Certains érudits appelés « démonologues », comme Jean Bodin au 16e siècle, allaient jusqu’à prétendre que le Nord était l’épicentre du mal sur terre et qu’il y avait plus de sorciers en Norvège que dans n’importe quelle autre partie du monde. On comprend que la région n’ait pas retenu l’attention des artistes médiévaux, qui se sont plutôt tournés vers des paysages domestiqués, agricoles, plus rassurants, comme dans ce paysage hivernal extrait du célèbre manuscrit des Très Riches Heures du duc de Berry, représentant la campagne française.

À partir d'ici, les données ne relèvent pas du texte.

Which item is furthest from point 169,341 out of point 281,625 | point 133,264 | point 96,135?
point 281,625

Les_Très_Riches_Heures_du_duc_de_Berry_février

Très Riches Heures du duc de Berry.

Dès les 13e et 14e siècles et durant toute la Renaissance, la peinture de paysage acquiert progressivement son autonomie et ses lettres de noblesse. Mais il faudra du temps avant qu’elle s’émancipe réellement de l’image religieuse. En effet, pendant longtemps, le paysage demeure relégué à l’arrière-plan des représentations. Il sert alors de décor pour des portraits ou des scènes religieuses diverses. A cette époque, ce sont principalement des paysages dits « pastoraux » qui sont valorisés, c’est-à-dire des environnements champêtres, généralement méditerranéens, souvent accompagnés de bâtiments gréco-romains, de personnages mythologiques ou de bergers, une sorte de paysage « idéal » inspiré par la poésie antique.
Mais on trouve également des représentations plus rares de paysages hivernaux et montagneux, comme dans le célèbre tableau de Pieter Brueghel l’Ancien, Chasseurs dans la neige, où la montagne se dégage déjà comme un motif à part entière, encore relégué à l’arrière-plan.

Les_chasseurs_dans_la_neige_Pieter_Brueghel_l'Ancien

Pieter Brueghel l’Ancien, Chasseurs dans la neige

C’est aussi à partir de la Renaissance que les peintres adoptent progressivement la technique de la perspective. On s’efforce désormais de représenter les paysages tels qu’ils sont perçus par l’œil humain, grâce à deux techniques : la perspective « linéaire », qui consiste à aligner les objets de façon à reproduire l’illusion d’un paysage perçu, et la perspective « aérienne », qui consiste à utiliser d’autres couleurs, souvent le bleu, pour représenter les objets lointains, comme dans le tableau de Boucher. Grâce à ces deux innovations (la perspective linéaire et la perspective aérienne), la peinture de paysage se rapproche un peu plus de nos photographies actuelles. Mais la technique ne fait pas tout : il faut encore une certaine sensibilité artistique pour que le Grand Nord trouve son chemin jusqu’aux tableaux des peintres européens.
Cette sensibilité se développe à partir du 18e siècle sous le nom de « sublime ». Mais attention : pour les historiens d’art, « sublime » n’est pas un simple synonyme de « beau ». Alors que le « beau » évoque l’harmonie des couleurs et de la composition, le « sublime » tient à l’excès et au grandiose. Pensez à un volcan en éruption : puissant, effrayant et fascinant à la fois. Ou encore aux mers de glace de l’Arctique, dont l’étendue dépasse l’entendement. Si les artistes osent se tourner vers le sublime, c’est que la peur de la nature qui dominait au Moyen- âge n’est plus qu’un lointain souvenir et qu’une nouvelle sensibilité est née, dont nous, amoureux de la montagne et des paysages sauvages en tous genres, sommes les héritiers directs.
Un bon exemple de « sublime » est le tableau de William Turner, Hannibal traversant les Alpes. Bien que la scène évoque un épisode historique de l’antiquité, celui-ci n’est qu’un prétexte pour représenter la puissance incommensurable de la nature. Face à la tempête qui sévit au cœur du massif montagneux, même les troupes du puissant conquérant carthaginois paraissent insignifiantes.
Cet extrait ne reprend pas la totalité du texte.